Task statement: Since the listing below shows pictures, leave them out and write out exactly the lines from the line with "A drone shot" to the line with "Naklejka na ściany", both included, and no others.

Provided records:
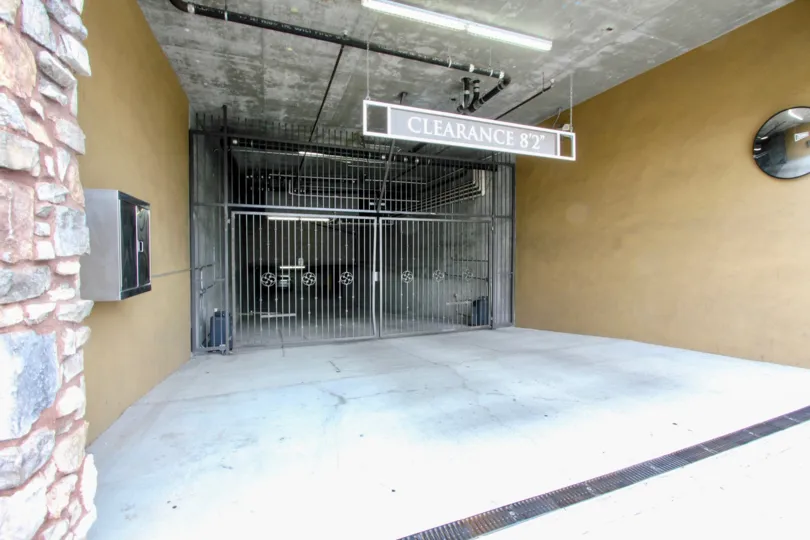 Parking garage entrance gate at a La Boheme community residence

* * *

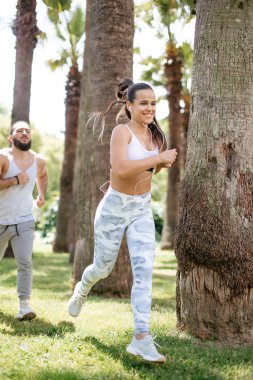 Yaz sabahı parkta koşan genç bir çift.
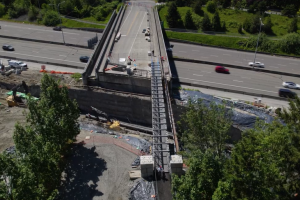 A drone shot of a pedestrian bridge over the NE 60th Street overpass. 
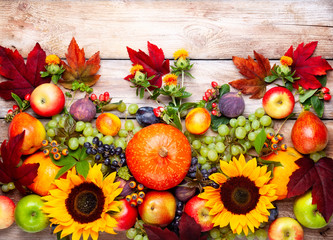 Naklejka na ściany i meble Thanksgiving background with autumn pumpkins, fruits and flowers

Task output:
 A drone shot of a pedestrian bridge over the NE 60th Street overpass. 
 Naklejka na ściany i meble Thanksgiving background with autumn pumpkins, fruits and flowers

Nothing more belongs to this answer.